New Jersey Governor Chris Christie made headlines across the nation when he decided unilaterally to cancel a Hudson River rail transit tunnel to Manhattan after estimated costs ballooned from $8.7 billion to $14 billion. Wendell Cox has a useful summary of the main issues over at NewGeography.com and a spirited defence of Governor Christie's decision; it's short and well worth a read.
Nevertheless, a potenial resolution to the cost concerns may be addressed if the tunnel is proposed as part of a long-term concession to a private firm through a public-private partnership. These projects are common outside the US (I discuss them in my books Mobility First and The Road More Traveled as well as on the Reason Foundation web site), and they have substantial benefits if structured properly.
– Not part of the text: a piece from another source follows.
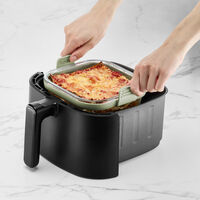 Airfryerform glas rektangulär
The key is to capture the private-sector expertise in building and managing these facilities while minimizing the potential risk to taxpayers. New Jersey and New York, working with the U.S. Department of Transportation, should invite bids from private companies to build the tunnel. The state and federal governmens (perhaps through the Port Authority) would guarantee a steady revenue stream through what are called "availability" payments based on the best bid from the private sector. This would lock-in public sector revenue streams while shifting the risk for cost overruns to the private sector.
A variety of ways exist to structre this kind of a public-private parternship and details can be found at the National Council for Public Private Partnerships web site (including an summary of financing and construction arrangements).